3. The condemnation of the five propositions of Jansen by Innocent X. in 1653.

4. The Constitution of Benedict XII. in 1336.

This last affirms that departed saints who need no further cleansing possess an immediate intuitive vision of the divine nature.[1]

To these many theologians, says Choupin, add the Encyclical Quanta Cura of Pius IX. in 1864.

On the other hand, Carson in his Reunion Essays says:—

"These four conditions so narrow the extent of the Petrine prerogative that it is difficult to point with certainty to more than one, or at most two, papal pronouncements, and declare them, with the consent of all, to be infallible.

"The Bull Ineffabilis Deus, defining the Immaculate Conception, may be considered, as we have seen, to be a definition of doctrine about whose Infallibility there cannot well be any question. The tome of Pope Leo the Great on the Incarnation, sent by him to the Council of Chalcedon, and accepted by the assembled fathers as the echo of Peter's voice, may perhaps be placed on the same footing.

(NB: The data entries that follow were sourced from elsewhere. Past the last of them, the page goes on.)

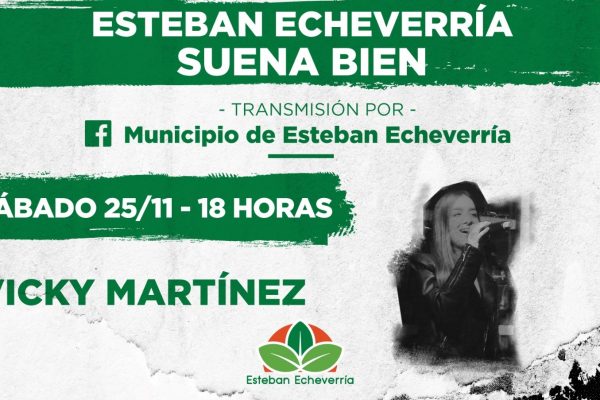 El show de Vicky Martínez se presenta en Esteban Echeverría Suena Bien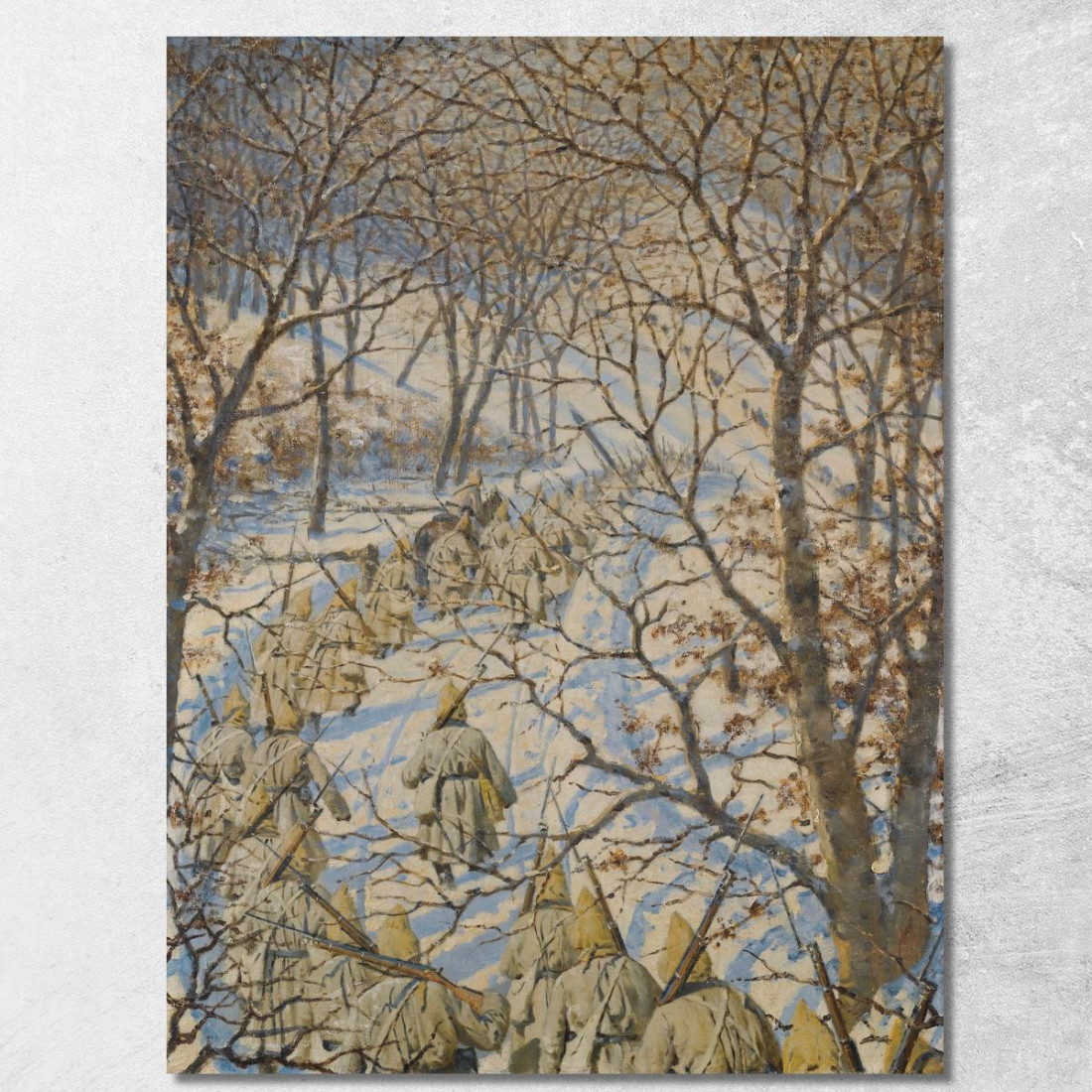 In Campagna Vasily Vereshchagin vvr38 quadro stampato su tela In Campagna Vasily Vereshchagin vvr38 quadro stampato su tela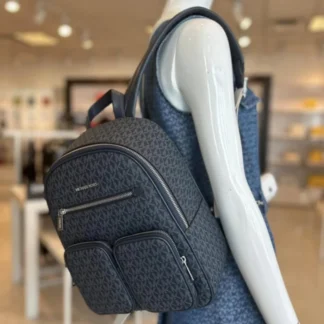 MOCHILA MICHAEL KORS - MEDIANA MONOGRAMA AZUL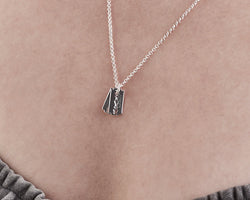 Baby Blades Necklace Sterling Silver 45cm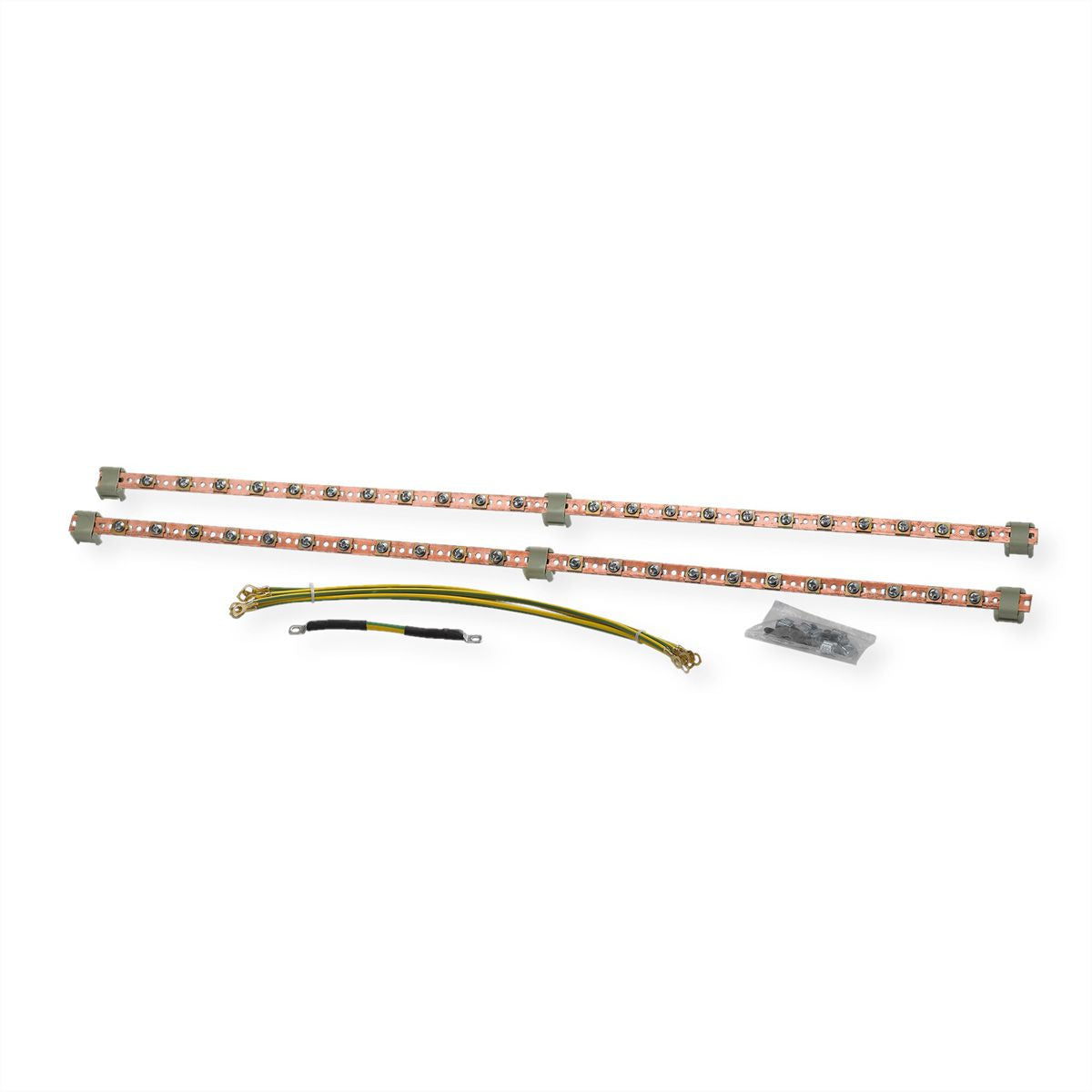 ROLINE 19" Rangierpanel, inkl. Erdungskabel, Befestigungsmaterial – für ROLINE 19"-Schränke – mehrfarbig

Beyond these two ecumenical utterances on points of doctrine, we cannot assert with any assurance that the prerogative of Papal Infallibility has been exercised from the day of Pentecost to the present time."[2]

Certainly if the intrinsic value of a document be any witness to its Infallibility no papal utterance has better claim to be an instance of that stupendous prerogative than the famous letter of Leo the Great

  1. Denzinger, Encheiridior, § 456.
  2. Carson's Reunion Essays, p. 91.